### Raw data ###

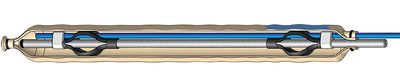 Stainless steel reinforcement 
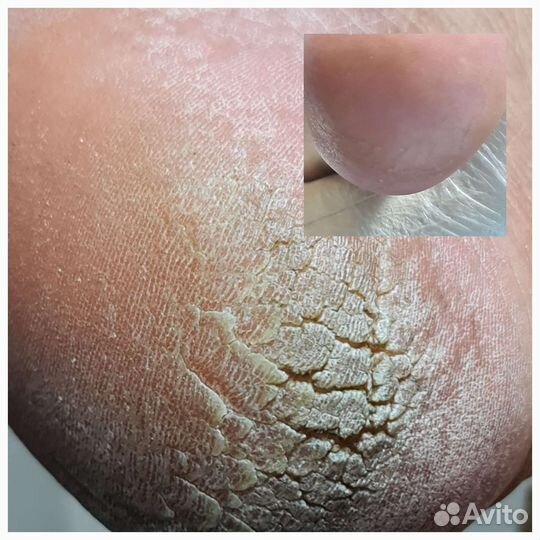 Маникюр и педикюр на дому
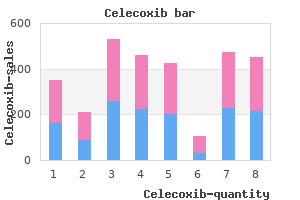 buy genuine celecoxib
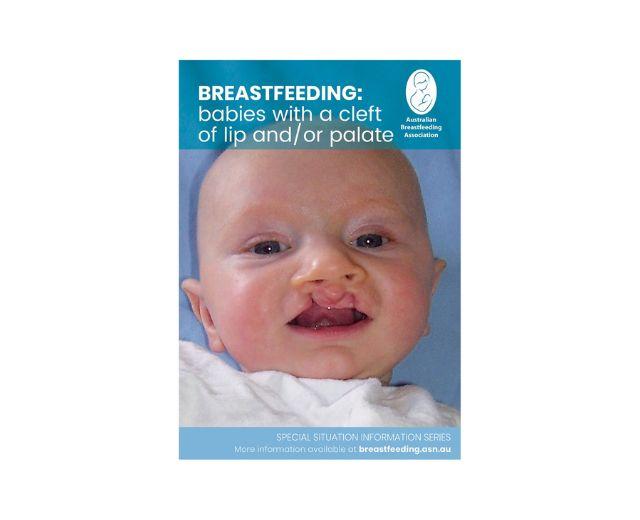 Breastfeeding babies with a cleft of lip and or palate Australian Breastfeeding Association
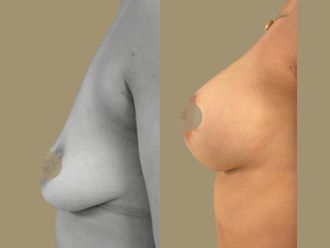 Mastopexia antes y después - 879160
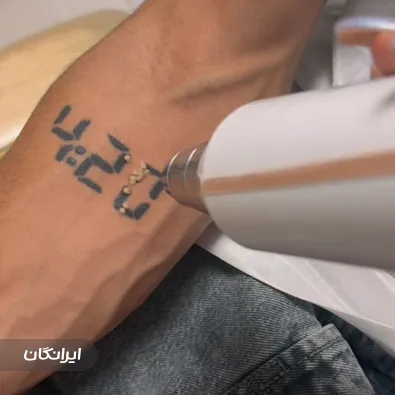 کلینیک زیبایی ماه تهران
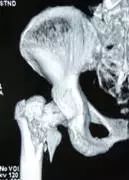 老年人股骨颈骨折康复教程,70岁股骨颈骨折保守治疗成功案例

###
### Raw data ###

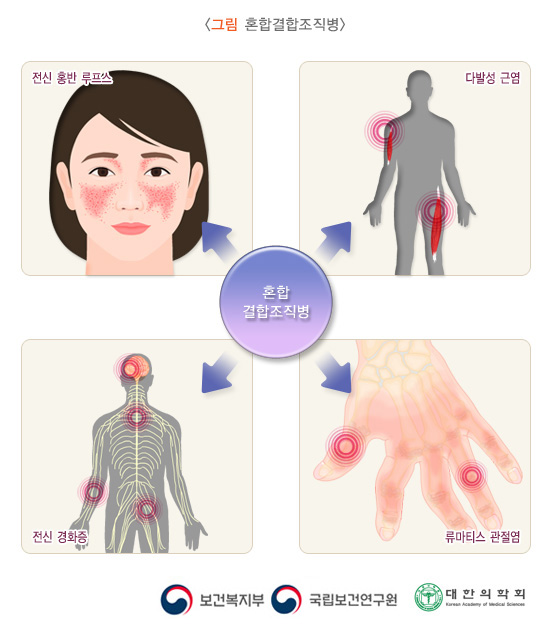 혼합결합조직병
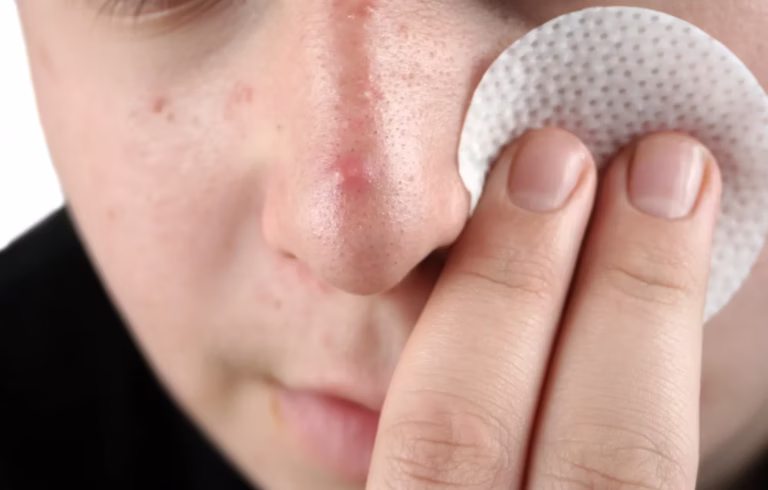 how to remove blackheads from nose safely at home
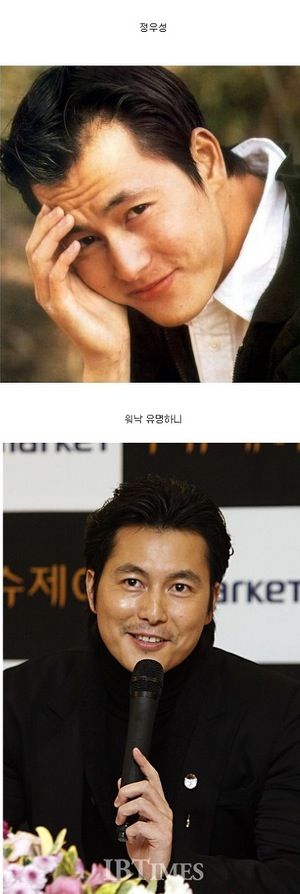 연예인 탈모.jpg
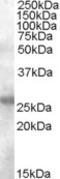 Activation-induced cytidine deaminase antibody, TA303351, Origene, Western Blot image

###
### Raw data ###

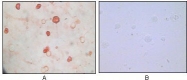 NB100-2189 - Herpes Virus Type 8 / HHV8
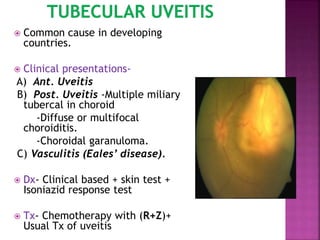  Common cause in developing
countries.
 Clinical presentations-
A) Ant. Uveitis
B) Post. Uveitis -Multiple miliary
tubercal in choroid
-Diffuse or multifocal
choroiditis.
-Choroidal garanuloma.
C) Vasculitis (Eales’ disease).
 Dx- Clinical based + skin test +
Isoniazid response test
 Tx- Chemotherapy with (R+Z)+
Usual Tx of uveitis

###

Try it: Each line in the records above with "test" must be returned.

Answer section:
 Dx- Clinical based + skin test +
Isoniazid response test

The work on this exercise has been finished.